• [Work required]:
Exact reproductions of all the entries, please, and no pictures.

• [Dataset]:
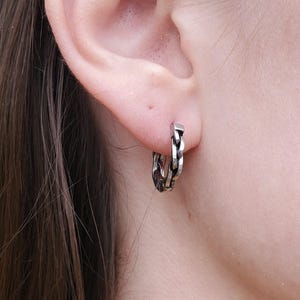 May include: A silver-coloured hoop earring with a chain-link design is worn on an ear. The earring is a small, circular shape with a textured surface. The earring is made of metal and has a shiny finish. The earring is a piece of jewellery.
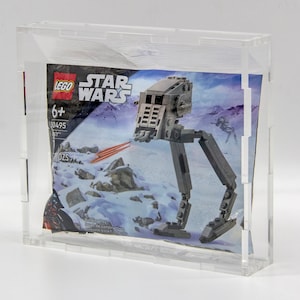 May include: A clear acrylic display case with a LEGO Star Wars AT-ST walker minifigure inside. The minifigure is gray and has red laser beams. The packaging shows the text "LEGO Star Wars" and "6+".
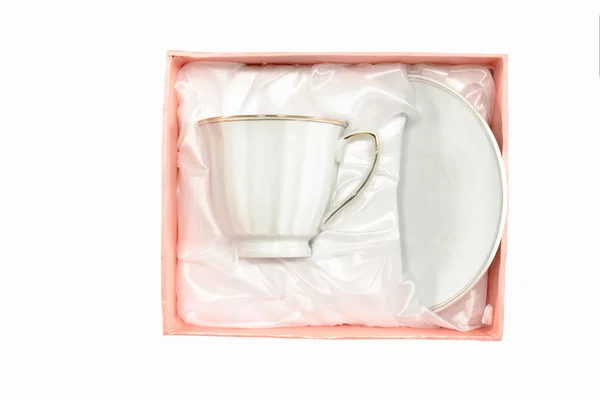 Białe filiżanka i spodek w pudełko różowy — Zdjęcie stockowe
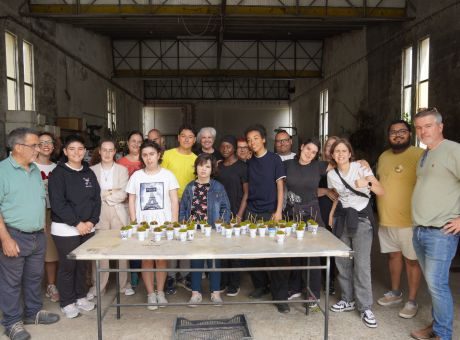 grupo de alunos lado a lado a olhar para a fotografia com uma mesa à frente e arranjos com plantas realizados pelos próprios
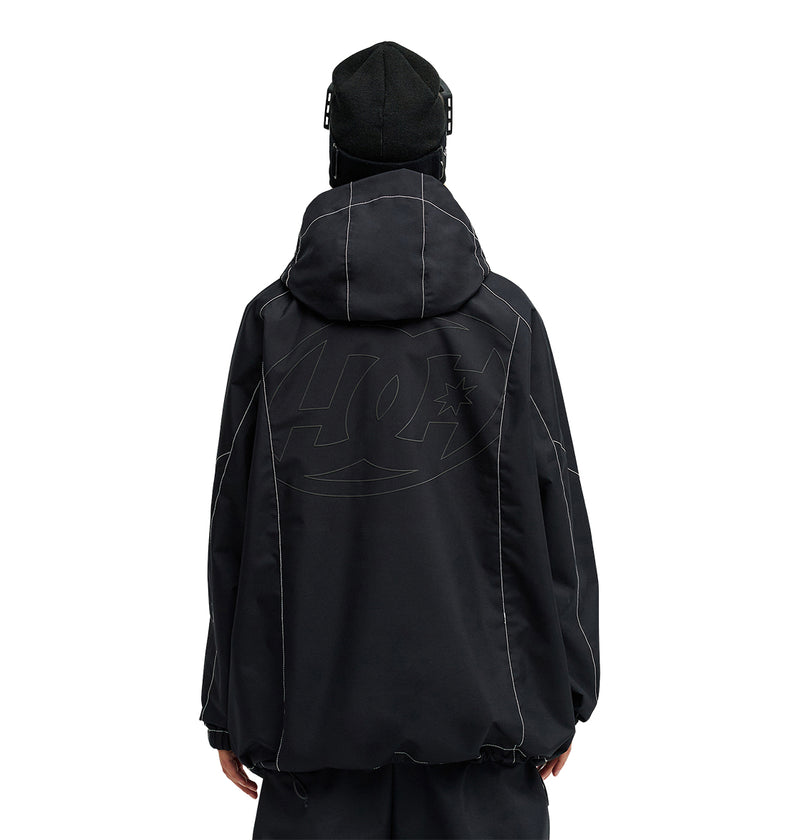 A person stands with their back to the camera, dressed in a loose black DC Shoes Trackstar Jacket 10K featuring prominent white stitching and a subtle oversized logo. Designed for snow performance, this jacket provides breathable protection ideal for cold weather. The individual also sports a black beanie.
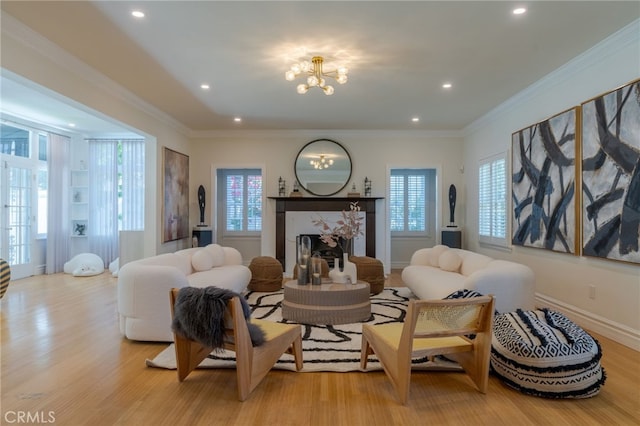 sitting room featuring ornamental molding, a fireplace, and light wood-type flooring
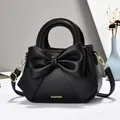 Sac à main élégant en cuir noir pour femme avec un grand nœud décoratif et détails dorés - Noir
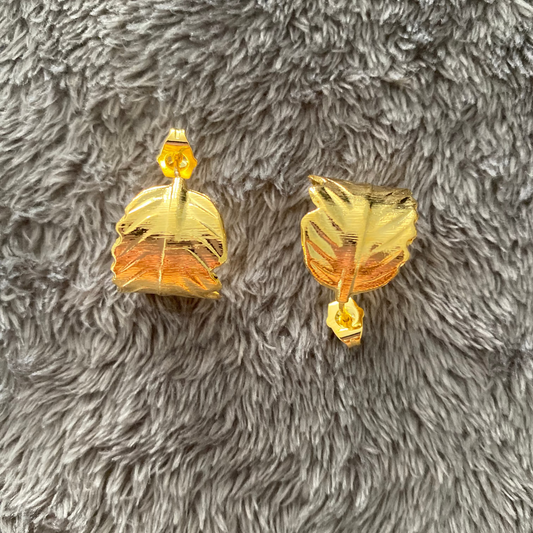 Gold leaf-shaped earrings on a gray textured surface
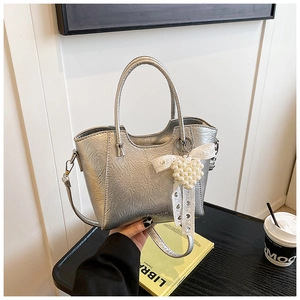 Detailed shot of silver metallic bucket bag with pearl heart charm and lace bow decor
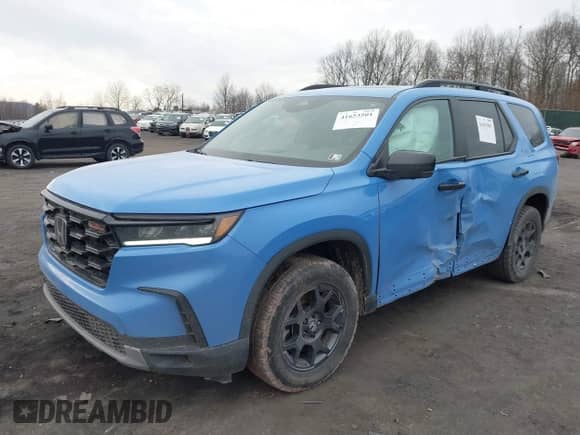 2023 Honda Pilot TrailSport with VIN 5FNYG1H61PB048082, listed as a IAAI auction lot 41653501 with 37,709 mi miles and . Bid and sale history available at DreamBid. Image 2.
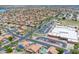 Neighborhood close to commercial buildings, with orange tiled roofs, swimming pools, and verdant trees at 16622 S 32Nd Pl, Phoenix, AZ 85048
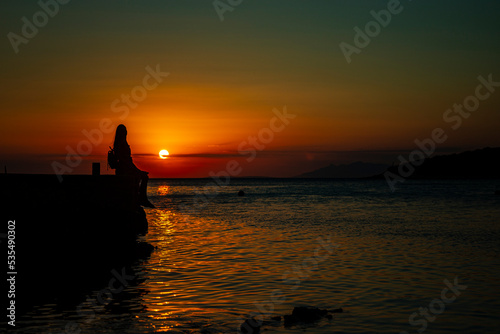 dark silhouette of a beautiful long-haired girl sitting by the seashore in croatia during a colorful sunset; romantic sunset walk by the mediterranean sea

• [Solution]:
 May include: A silver-coloured hoop earring with a chain-link design is worn on an ear. The earring is a small, circular shape with a textured surface. The earring is made of metal and has a shiny finish. The earring is a piece of jewellery.
 May include: A clear acrylic display case with a LEGO Star Wars AT-ST walker minifigure inside. The minifigure is gray and has red laser beams. The packaging shows the text "LEGO Star Wars" and "6+".
 Białe filiżanka i spodek w pudełko różowy — Zdjęcie stockowe
 grupo de alunos lado a lado a olhar para a fotografia com uma mesa à frente e arranjos com plantas realizados pelos próprios
 A person stands with their back to the camera, dressed in a loose black DC Shoes Trackstar Jacket 10K featuring prominent white stitching and a subtle oversized logo. Designed for snow performance, this jacket provides breathable protection ideal for cold weather. The individual also sports a black beanie.
 sitting room featuring ornamental molding, a fireplace, and light wood-type flooring
 Sac à main élégant en cuir noir pour femme avec un grand nœud décoratif et détails dorés - Noir
 Gold leaf-shaped earrings on a gray textured surface
 Detailed shot of silver metallic bucket bag with pearl heart charm and lace bow decor
 2023 Honda Pilot TrailSport with VIN 5FNYG1H61PB048082, listed as a IAAI auction lot 41653501 with 37,709 mi miles and . Bid and sale history available at DreamBid. Image 2.
 Neighborhood close to commercial buildings, with orange tiled roofs, swimming pools, and verdant trees at 16622 S 32Nd Pl, Phoenix, AZ 85048
 dark silhouette of a beautiful long-haired girl sitting by the seashore in croatia during a colorful sunset; romantic sunset walk by the mediterranean sea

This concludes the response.